会派・グループを組めば、議会内における政策的な主張については足並みを揃える必要があります。
「議員報酬・議員定数の削減が必要だ!」と維新メンバーが強く思っていても、一緒に組む議員がそう思っていなければ、当然に議会質問などでおおっぴらに取り上げることは難しくなります。
つまり当然のことながら、「異なる党派のメンバーを増やして会派を大きくすればするほど、最大公約数の政策は穏当なものばかりになり、エッジが効かなくなる」ということですね。
果たしてそれが、「維新」に期待して票を投じた有権者の期待に答えることになるのかどうか。
これは数の力によって質問時間や議会ポストが増えていくのとトレードオフの関係にあると言えます。

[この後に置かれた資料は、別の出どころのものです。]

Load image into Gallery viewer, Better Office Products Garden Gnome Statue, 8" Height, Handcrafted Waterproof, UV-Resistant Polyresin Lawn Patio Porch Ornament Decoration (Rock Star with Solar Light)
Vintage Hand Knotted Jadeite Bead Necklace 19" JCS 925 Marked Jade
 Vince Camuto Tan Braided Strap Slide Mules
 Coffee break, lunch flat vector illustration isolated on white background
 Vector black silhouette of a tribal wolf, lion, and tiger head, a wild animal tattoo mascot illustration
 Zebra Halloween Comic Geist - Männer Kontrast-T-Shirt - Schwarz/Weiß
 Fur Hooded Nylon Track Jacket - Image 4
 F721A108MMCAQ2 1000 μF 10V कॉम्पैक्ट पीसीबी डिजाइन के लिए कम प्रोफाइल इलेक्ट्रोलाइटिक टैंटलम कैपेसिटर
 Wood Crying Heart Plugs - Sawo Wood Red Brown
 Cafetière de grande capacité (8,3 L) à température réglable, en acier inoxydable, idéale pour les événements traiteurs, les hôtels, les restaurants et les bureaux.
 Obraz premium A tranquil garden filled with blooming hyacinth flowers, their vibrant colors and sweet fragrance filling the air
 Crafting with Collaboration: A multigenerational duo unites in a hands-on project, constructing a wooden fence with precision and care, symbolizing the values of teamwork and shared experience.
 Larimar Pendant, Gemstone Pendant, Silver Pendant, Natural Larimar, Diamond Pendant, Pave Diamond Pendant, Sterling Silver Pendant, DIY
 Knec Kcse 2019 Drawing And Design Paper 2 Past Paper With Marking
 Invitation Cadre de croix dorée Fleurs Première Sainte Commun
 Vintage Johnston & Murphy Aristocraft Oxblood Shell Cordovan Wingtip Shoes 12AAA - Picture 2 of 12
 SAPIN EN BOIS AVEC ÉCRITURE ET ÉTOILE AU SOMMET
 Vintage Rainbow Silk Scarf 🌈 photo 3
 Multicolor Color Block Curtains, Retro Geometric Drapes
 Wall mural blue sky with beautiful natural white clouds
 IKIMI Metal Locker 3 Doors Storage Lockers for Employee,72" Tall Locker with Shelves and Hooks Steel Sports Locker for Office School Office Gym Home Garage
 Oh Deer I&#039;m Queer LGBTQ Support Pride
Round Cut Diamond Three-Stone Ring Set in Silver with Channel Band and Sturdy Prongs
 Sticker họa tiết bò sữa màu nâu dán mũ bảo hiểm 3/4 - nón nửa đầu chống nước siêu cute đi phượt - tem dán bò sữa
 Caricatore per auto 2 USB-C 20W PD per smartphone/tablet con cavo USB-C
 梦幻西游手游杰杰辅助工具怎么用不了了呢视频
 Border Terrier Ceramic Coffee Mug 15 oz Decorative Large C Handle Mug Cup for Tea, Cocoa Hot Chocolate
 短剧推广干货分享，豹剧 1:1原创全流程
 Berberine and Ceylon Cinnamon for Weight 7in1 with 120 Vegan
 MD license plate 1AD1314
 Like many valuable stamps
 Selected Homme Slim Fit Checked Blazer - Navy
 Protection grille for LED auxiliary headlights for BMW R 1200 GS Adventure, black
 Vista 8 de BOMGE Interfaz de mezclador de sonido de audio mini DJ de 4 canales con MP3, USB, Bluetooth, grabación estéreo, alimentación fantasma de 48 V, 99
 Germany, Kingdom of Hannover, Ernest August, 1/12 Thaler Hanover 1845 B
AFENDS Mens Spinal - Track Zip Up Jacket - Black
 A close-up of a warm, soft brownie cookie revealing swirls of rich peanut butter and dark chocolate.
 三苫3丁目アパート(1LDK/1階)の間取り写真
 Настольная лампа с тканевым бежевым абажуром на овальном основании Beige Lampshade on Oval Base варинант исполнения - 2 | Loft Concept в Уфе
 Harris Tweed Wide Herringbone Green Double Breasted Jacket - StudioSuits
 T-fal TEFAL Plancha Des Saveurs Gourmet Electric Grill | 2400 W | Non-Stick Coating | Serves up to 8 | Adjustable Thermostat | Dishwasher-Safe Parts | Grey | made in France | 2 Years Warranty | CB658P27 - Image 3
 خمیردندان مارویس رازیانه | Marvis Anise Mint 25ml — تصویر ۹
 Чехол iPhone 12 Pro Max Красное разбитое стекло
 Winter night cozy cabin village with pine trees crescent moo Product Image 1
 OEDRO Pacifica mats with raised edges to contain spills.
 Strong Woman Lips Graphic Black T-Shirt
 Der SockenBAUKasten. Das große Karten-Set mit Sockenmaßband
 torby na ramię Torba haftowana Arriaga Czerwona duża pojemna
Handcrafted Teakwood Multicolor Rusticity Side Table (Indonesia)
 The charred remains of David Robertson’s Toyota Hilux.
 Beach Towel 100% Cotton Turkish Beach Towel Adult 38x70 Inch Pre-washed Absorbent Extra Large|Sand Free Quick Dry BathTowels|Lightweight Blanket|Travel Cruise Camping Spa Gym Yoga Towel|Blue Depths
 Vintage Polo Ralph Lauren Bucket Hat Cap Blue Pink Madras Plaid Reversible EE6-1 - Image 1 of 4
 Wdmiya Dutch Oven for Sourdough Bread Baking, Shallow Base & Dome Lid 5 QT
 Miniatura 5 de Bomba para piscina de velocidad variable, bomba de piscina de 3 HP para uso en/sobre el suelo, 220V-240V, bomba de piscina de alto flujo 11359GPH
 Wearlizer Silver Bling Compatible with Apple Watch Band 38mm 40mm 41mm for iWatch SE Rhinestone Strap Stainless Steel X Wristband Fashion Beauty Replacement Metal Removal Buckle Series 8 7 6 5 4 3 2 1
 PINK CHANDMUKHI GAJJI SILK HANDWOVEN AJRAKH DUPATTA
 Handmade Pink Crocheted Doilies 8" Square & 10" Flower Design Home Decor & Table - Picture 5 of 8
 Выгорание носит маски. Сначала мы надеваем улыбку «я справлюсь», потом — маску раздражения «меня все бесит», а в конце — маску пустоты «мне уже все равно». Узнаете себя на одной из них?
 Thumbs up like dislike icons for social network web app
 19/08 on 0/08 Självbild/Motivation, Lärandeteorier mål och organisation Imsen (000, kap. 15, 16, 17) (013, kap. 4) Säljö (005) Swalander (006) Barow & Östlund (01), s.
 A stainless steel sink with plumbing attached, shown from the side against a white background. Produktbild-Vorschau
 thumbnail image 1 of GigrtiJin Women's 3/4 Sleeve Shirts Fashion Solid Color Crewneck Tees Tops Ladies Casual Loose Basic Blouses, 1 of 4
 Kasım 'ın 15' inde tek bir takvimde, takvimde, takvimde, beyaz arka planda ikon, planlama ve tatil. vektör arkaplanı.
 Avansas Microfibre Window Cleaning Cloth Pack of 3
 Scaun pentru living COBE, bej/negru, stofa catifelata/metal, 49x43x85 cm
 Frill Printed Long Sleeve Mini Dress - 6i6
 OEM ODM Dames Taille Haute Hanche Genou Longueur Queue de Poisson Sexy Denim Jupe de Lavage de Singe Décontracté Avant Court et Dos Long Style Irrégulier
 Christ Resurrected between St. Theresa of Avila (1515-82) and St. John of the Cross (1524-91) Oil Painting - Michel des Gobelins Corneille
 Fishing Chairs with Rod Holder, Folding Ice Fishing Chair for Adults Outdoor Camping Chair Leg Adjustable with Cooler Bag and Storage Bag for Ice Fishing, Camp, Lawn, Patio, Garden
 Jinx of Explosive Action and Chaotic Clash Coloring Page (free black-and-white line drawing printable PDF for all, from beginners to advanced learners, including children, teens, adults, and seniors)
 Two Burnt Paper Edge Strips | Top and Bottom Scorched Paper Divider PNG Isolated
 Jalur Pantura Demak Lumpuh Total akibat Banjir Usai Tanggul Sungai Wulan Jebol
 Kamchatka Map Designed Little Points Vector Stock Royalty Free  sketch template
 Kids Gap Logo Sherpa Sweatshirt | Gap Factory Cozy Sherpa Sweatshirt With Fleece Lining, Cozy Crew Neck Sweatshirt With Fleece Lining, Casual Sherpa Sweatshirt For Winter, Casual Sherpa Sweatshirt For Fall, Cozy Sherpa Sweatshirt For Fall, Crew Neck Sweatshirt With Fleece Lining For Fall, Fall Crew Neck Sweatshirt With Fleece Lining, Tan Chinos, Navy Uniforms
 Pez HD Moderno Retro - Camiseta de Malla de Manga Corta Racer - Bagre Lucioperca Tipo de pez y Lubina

どちらが正しいかというのは、その議会の状況などによって異なるのでなんとも言えませんが、エピソードを一つ。
かつて都議会議員時代、柳ヶ瀬さんと別会派に所属してバチバチやりあっていた頃がありました。政策の近さで言えば共同会派という選択肢もありえたのですが、当時は別々にやっていたのですね。
ある日、柳ヶ瀬さんがメディアやテレビカメラを引き連れて、こっちの会派の控室に乗り込んできまして。
「身を切る改革に賛成なのか、反対なのか?都議会議員の待遇が良すぎるというなら、今すぐ給与カットに賛成するこの書面にサインするべきだ!そして自主カットも一緒にやるべきだ!」
とか言ってくるわけですよ(苦笑)。
当時、こちらは自主カットまでは踏み込んでしていない会派だったので、即答ができるはずもなく、もれなく柳ヶ瀬さんが引き連れてきたメディアによって「守旧派」のレッテルが貼られましたとさ。
こうした柳ヶ瀬さんの(他会派からは大変に評判の悪かった?!)奮闘・プレッシャーもあって、その後、都議会ではほどなくして議員報酬2割カットの条例案が議決されました。
こういう少数会派なりの「エッジを効かせた闘い方」というのは、良し悪しは別として、やはり純度100%の維新単独会派でないとなかなか難しいのではないかと思います。